According to a Malay Mail report on May 15, 2025, the Kedah state government in Malaysia announced that it will no longer issue licenses for the sale of vape and vaping products, and plans to implement a complete ban on vape products by 2026. This move is regarded as a key step to strengthen efforts against drug abuse.
Malaysian Government Concern Over Drug Abuse Using Vape Devices
Dato’ Seri Muhammad Sanusi Md Nor, the Menteri Besar of Kedah, confirmed this decision after the state administrative council meeting. He pointed out that some criminals are using vape devices for illegal consumption of synthetic drugs, making vape devices a new means of drug abuse.
Sanusi stated, “These drugs can be inhaled through vaping devices and have become a new form of drug abuse. Restricting vape sales is one of our methods to combat the drug problem.”
Gradual Implementation of Policy to Avoid Legal Risks
Although the Kedah state government decided to stop issuing new sales licenses, it has not immediately imposed a full ban. According to the current arrangement, the policy will be gradually implemented, meaning that existing vape sales licenses will not be renewed upon expiration, with a goal to fully ban vape products across all retail channels by 2026.
Sanusi added that the government needs to avoid legal loopholes or lawsuits during policy implementation and thus will adopt a phased enforcement strategy.
Sanusi emphasized, “We cannot hastily implement a full ban to avoid lawsuits caused by legal loopholes. Similar cases have previously appeared in courts.” According to Malay Mail, such legal disputes have occurred in other Malaysian states, so Kedah’s gradual approach is considered more prudent.
Additionally, Kedah will continue to promote anti-drug programs in various districts and strengthen cooperation with local officials, police chiefs, and the National Anti-Drugs Agency (AADK).

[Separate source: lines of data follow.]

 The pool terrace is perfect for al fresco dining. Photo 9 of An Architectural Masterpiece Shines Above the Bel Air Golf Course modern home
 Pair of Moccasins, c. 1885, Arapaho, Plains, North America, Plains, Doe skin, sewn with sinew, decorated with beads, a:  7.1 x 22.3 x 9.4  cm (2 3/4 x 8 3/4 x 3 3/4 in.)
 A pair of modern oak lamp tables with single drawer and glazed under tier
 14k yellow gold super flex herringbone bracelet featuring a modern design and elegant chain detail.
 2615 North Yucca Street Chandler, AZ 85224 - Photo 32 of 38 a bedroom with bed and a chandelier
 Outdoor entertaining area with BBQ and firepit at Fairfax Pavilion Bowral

Other States Consider Following Malaysia’s Vape Industry Faces Stronger Regulation
Besides Kedah, Perlis state has announced a ban on all vape product sales effective August 1, 2025. States like Malacca and Selangor are also exploring restrictions or tighter regulations. These policy trends indicate that multiple Malaysian states are progressively increasing their regulatory controls over the vape market.
SP2S Official Position
As an international brand committed to providing safer and higher-quality vaping experiences, SP2S strictly complies with local laws and regulations and actively adapts to policy changes. We support efforts to combat illegal misuse within the industry and continue to promote standardization and responsible development.
Since entering the Southeast Asian market, SP2S has established over 100 brand-exclusive stores in Malaysia and Indonesia, with cooperation covering more than 3,000 sales outlets, serving over one million users. We are deeply engaged in local markets, value user needs and experience, and will continue to strengthen communication with governments, retail partners, and end users to jointly build a lawful, compliant, healthy, and sustainable industry ecosystem.
Moving forward, SP2S will closely monitor policy developments in Malaysia and other markets, continuously delivering trusted products and services through technological innovation and compliance.